Page:Féval - Les Habits noirs, 1863, Tome I.djvu/290

Le texte de cette page a été corrigé et est conforme au fac-similé.

Dieu merci, pour moi et pour ceux qui me touchent de près, je n’ai ni inquiétude à avoir ni renseignement à prendre. Monsieur Mathieu, vous avez peut-être vos raisons pour être discret ?

— Oui, monsieur le baron, dit Trois-Pattes. J’ai mes raisons. »

Le banquier pirouetta sur lui-même.

« Temps, argent, grommela-t-il en regagnant son bureau. Affaire finie. Bien le bonsoir. »

Trois-Pattes, ainsi congédié, rampa aussitôt vers la porte.
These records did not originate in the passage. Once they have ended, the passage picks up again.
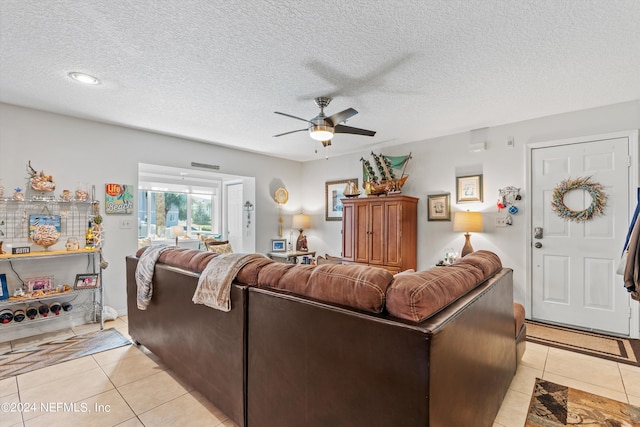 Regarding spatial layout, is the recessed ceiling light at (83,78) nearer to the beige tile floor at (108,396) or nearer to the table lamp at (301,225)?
the beige tile floor at (108,396)

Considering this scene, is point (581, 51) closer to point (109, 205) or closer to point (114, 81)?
point (114, 81)

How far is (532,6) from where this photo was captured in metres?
1.73

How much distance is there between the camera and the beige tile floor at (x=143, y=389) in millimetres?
1899

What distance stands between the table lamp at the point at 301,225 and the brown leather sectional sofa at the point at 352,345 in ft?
12.4

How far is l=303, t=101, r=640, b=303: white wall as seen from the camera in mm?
3360

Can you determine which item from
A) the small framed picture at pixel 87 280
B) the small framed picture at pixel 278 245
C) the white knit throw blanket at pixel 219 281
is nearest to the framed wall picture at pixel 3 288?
the small framed picture at pixel 87 280

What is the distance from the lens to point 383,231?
4.46m

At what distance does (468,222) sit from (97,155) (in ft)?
15.5

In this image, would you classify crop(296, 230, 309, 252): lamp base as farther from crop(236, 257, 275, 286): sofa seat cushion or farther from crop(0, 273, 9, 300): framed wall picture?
crop(236, 257, 275, 286): sofa seat cushion

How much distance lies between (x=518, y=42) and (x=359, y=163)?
3417mm

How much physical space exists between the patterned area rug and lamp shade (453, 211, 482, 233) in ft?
6.44

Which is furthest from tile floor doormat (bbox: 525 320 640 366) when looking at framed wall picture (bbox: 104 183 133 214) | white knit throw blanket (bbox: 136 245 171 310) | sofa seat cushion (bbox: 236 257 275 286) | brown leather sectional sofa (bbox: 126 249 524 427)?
framed wall picture (bbox: 104 183 133 214)

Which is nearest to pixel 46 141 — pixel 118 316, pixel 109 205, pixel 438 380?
pixel 109 205

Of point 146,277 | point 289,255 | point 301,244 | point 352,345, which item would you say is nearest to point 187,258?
point 146,277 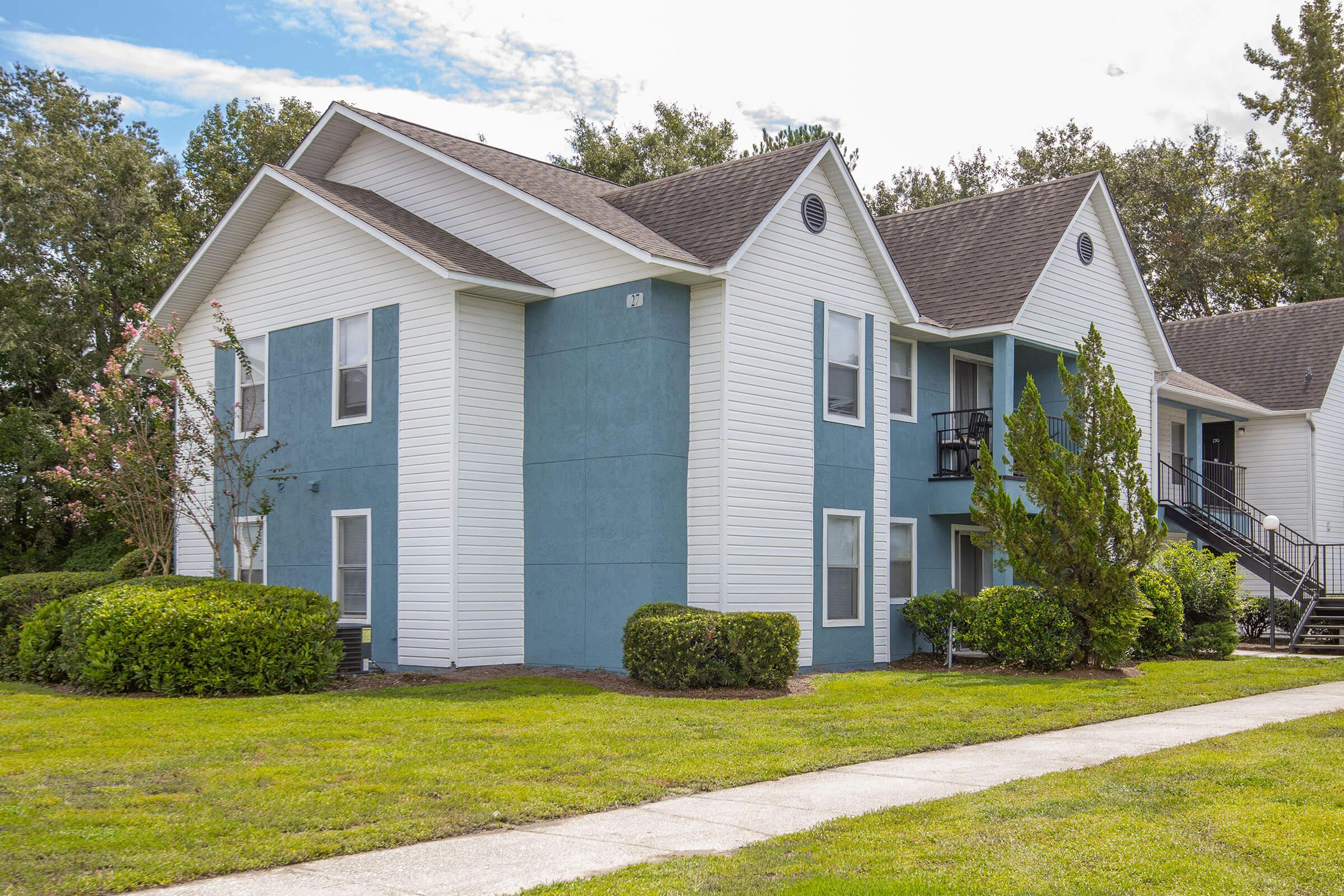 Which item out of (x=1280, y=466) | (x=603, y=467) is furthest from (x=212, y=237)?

Sur le seuil, il s’arrêta et dit avec humilité :

« J’avais compté sur l’obligeance de monsieur le baron… »

Celui-ci, qui feuilletait déjà ses papiers avec une certaine affectation, l’interrompit et gronda ces deux mots :

« Au galop !

— Ce serait pour savoir, poursuivit Trois-Pattes, si monsieur le baron pourrait me recommander à M. Schwartz, le père de M. Maurice, que monsieur le baron a connu à Caen sous la restauration. »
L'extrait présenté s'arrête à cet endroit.